Regression¶

The regression helpers turn a fitted statsmodels model into tidy polars tables — the analog of R moderndive’s get_regression_table() / get_regression_points() / get_regression_summaries().

Fit models with statsmodels’ formula API, then tidy them:

import statsmodels.formula.api as smf
import moderndive as md
from moderndive import (
    get_regression_table, get_regression_points, get_regression_summaries, get_correlation,
)

houses = md.load_saratoga_houses()
model = smf.ols("price ~ living_area + bedrooms", data=houses.to_pandas()).fit()

Coefficient table (with confidence intervals)¶

get_regression_table(model)

shape: (3, 7)

term	estimate	std_error	statistic	p_value	lower_ci	upper_ci
str	f64	f64	f64	f64	f64	f64
"intercept"	20986.094	6816.251	3.079	0.002	7611.128	34361.06
"living_area"	93.842	3.109	30.183	0.0	87.741	99.943
"bedrooms"	-7483.095	2783.531	-2.688	0.007	-12944.988	-2021.203

Change the confidence level with conf_level= (e.g. 0.99).

Fitted values & residuals¶

get_regression_points(model).head()
# columns: ID, price, living_area, bedrooms, price_hat, residual

shape: (5, 6)

ID	price	living_area	bedrooms	price_hat	residual
i64	i64	i64	i64	f64	f64
1	142212	1982	3	184531.942	-42319.942
2	134865	1676	3	155816.245	-20951.245
3	118007	1694	3	157505.404	-39498.404
4	138297	1800	2	174935.767	-36638.767
5	129470	2088	3	194479.21	-65009.21

Model-fit summaries¶

get_regression_summaries(model)
# r_squared, adj_r_squared, mse, rmse, sigma, statistic (F), p_value, df, nobs

shape: (1, 9)

r_squared	adj_r_squared	mse	rmse	sigma	statistic	p_value	df	nobs
f64	f64	f64	f64	f64	f64	f64	i64	i64
0.578	0.578	2.5071e9	50071.187	50142.395	723.229	0.0	2	1057

Correlation¶

get_correlation(houses, "price ~ living_area")   # ≈ 0.759
# or: get_correlation(houses, x="living_area", y="price")

shape: (1, 1)

cor
f64
0.758674

Visualizing models¶

Two ports of R moderndive’s ggplot helpers, both dual-engine:

from moderndive import gg_parallel_slopes, gg_categorical_model

evals = md.load_evals()

# Parallel-slopes model: one common slope, a separate intercept per group
gg_parallel_slopes(evals, response="score", explanatory="age", by="gender")            # plotly
gg_parallel_slopes(evals, response="score", explanatory="age", by="gender",
                   engine="plotnine")

# Regression with a single categorical predictor
gg_categorical_model(evals, response="score", explanatory="rank")

../_images/e1033ced41fd633d891010cfbeb7e94f3e5963b40c701f09b10335574af609c3.png

For the plotnine engine you can also drop the parallel-slopes lines onto your own ggplot with geom_parallel_slopes().

Inference for regression coefficients¶

fit() runs the regression on every bootstrap/permutation replicate, giving a distribution per coefficient.
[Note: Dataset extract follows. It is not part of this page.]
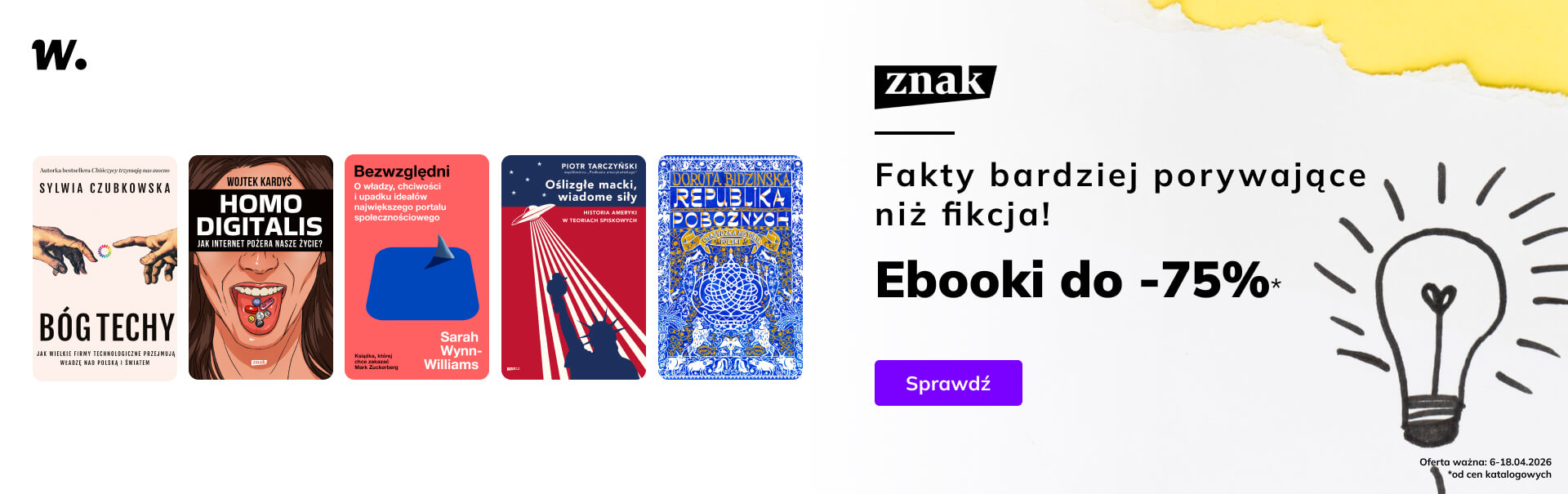 Grafika prowadzi do promocji: Literatura faktu od Wydawnictwa Znak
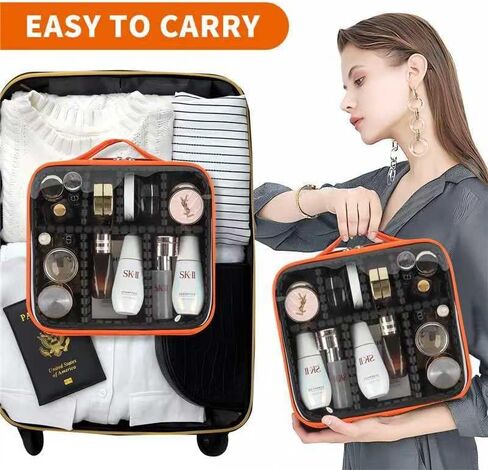 Clear Makeup Bag，Travel Cosmetic Organizer Bags for Women with Handle and Detachable Dividers, Portability Cosmetic case, Gift for Women, Gift for Girls, Orange in Saudi Arabia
Pair it with visualize_fit and per-facet shading:

from moderndive import specify
from moderndive.infer.viz import visualize_fit
from moderndive import shade_confidence_interval, shade_p_value

f = "price ~ living_area + bedrooms"
obs_fit = houses.specify(formula=f).fit()

# Bootstrap distribution of each coefficient → per-term CIs
boot_fit = houses.specify(formula=f).generate(reps=1000, type="bootstrap", seed=1).fit()
boot_fit.get_confidence_interval(level=0.95)          # one row per term
visualize_fit(boot_fit) + shade_confidence_interval(boot_fit.get_confidence_interval())

# Null distribution → per-term p-values, each facet shaded at its own estimate
null_fit = (
    houses.specify(formula=f).hypothesize(null="independence")
    .generate(reps=1000, type="permute", seed=1).fit()
)
null_fit.get_p_value(obs_stat=obs_fit, direction="two-sided")
visualize_fit(null_fit) + shade_p_value(obs_stat=obs_fit, direction="two-sided")

../_images/f6e10c78431076a6963b4233f89f655005a3abddb04acc3c212872af6e2f6c4c.png

Per-facet shading works in both engines: shade_p_value / shade_confidence_interval accept the observed FitResult or a term-keyed table, and each facet is shaded from its own value.